And wholemeal bread? Wheat does not exist in nature. It is a man-made species. Once the grain has been ripened, it is ground and the flour is separated out - milling is technology. After that it is mixed with water and a fungus culture, and left to ferment. The fungus grows, filling the wet culture medium with bubbles of waste gas as it respires. When the sticky mass is blown up with carbon dioxide the whole mass is plunged into a hot oven and cooked until it is ready to char round the edges.
Then it is cooled, and the denatured mixture of milled seeds and fungus growth is eaten with relish (and often with a hunk of the cheese we met earlier). A significant proportion of people are allergic to the gluten in bread. There is another percentage who are intolerant of dairy produce. So: not only are these fundamentally unnatural products, they can be bad for you. Traditional cheese is one-third saturated animal fat, yet still I watch people eat cheddar with sunflower margarine ...
Which brings us to the quiche. Should you visit Lorraine, that pleasant, pastoral départment of northern France, you'll find that their view of a quiche isn't much like ours. Consider the ingredients of this universal health-freak food. The pastry case is made with fat and flour. The there's the filling: egg, a little milk, chopped bacon. It comes from the oven looking golden and delicious, and obviously terribly healthy.
It must be far better to eat something like that rather than the old-fashioned traditional breakfast grill of bacon, egg and fried bread - just think of the fat and starchy flour.

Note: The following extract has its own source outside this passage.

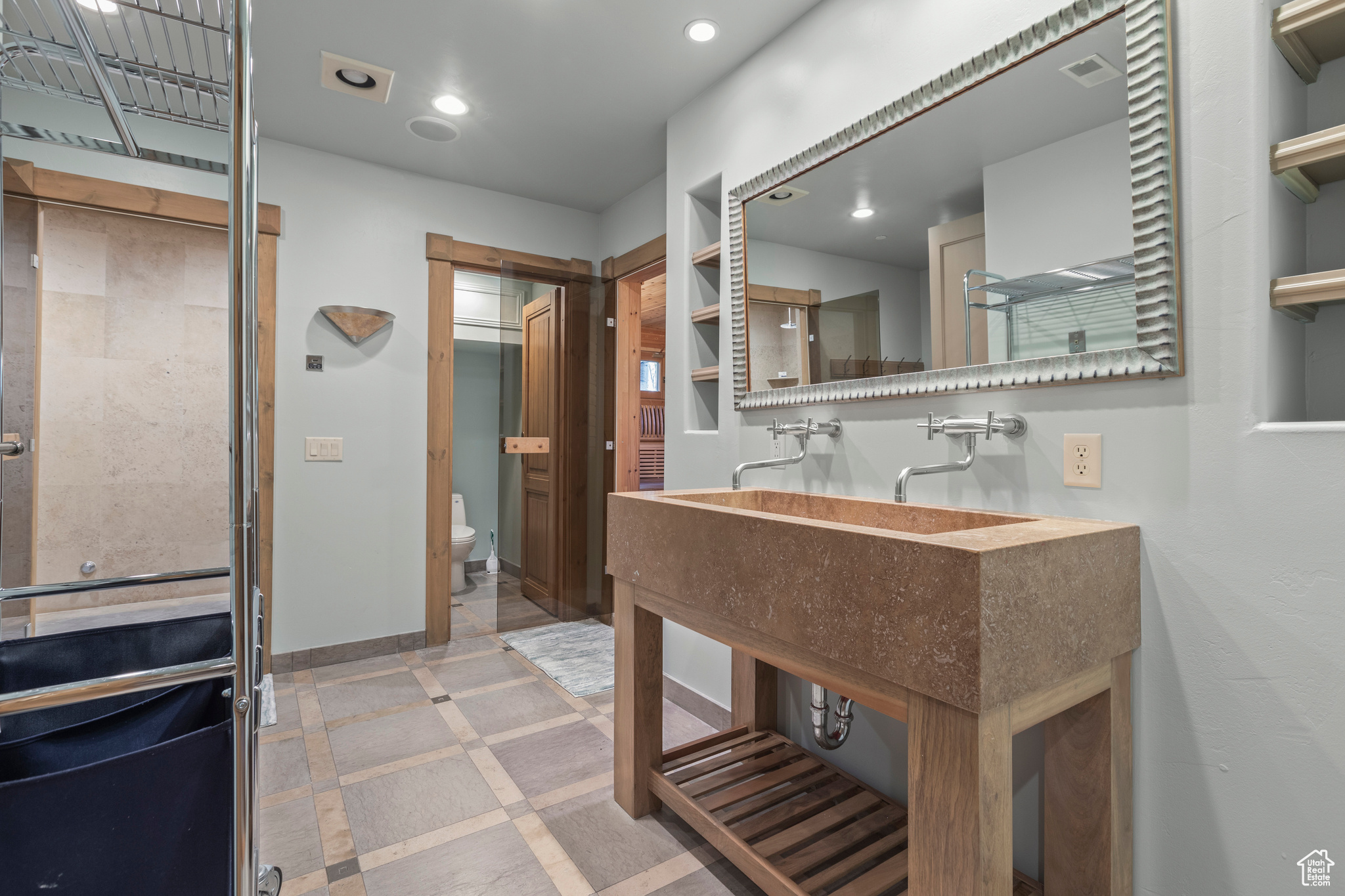 PARK MEADOWS - Residential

Wait, though; did we not encounter the same essential ingredients in the quiche? So we did. Quiche is very similar to the full breakfast. It is just that quiche is fashionable, and the bacon and eggs are not. When it comes to choosing food, rationality and objectivity are nowhere to be seen.
And are refined foods so very bad? Are brown bread or brown sugar so much better than the refined, white versions? Let us consider where the refined product originated. Pure sugar (like pure flour) were in demand because most contaminants are brown. Refinement gave a product in which the majority of impurities had clearly been removed - the evidence was visible. Yes, food was still adulterated in years gone by (alum, for instance, was added bulk out sugar and chalk put in flour).
But we should not lose sight of the reason why foods were refined in the first place. Refinement meant purity. Today's wholemeal bread is speckled with added husks, bran, and grain. In previous ages the mottled bits would have been crushed beetles and mouse droppings. Food science has given us much for which to be thankful.